Colored Multipermutations and a Combinatorial Generalization of Worpitzky's Identity

TL;DR

This paper introduces a combinatorial interpretation for generalized Worpitzky identity numbers using colored multipermutations, providing new insights and proofs for related combinatorial identities.

Contribution

It defines descents in colored multipermutations and shows these count the numbers in the generalized Worpitzky identity, offering a novel combinatorial perspective.

Findings

A combinatorial interpretation of $A_{a,b,r}(p,i)$ as colored multipermutations with weak descents.

Proofs of identities involving $A_{a,b,r}(p,i)$ using combinatorial methods.

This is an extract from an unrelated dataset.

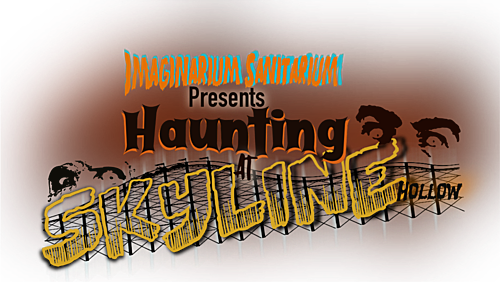 Haunting at Skyline Hollow poster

Extension of Worpitzky's identity to a broader combinatorial context.

Abstract

Worpitzky's identity expresses $n^p$ in terms of the Eulerian numbers and binomial coefficients: $$n^p = \sum_{i=0}^{p-1} \genfrac<>{0pt}{}{p}{i} \binom{n+i}{p}.$$ Pita-Ruiz recently defined numbers $A_{a,b,r}(p,i)$ implicitly to satisfy a generalized Worpitzky identity $$\binom{an+b}{r}^p = \sum_{i=0}^{rp} A_{a,b,r}(p,i) \binom{n+rp-i}{rp},$$ and asked whether there is a combinatorial interpretation of the numbers $A_{a,b,r}(p,i)$. We provide such a combinatorial interpretation by defining a notion of descents in colored multipermutations, and then proving that $A_{a,b,r}(p,i)$ is equal to the number of colored multipermutations of $\{1^r, 2^r, \ldots, p^r\}$ with $a$ colors and $i$ weak descents. We use this to give combinatorial proofs of several identities involving $A_{a,b,r}(p,i)$, including the aforementioned generalized Worpitzky identity.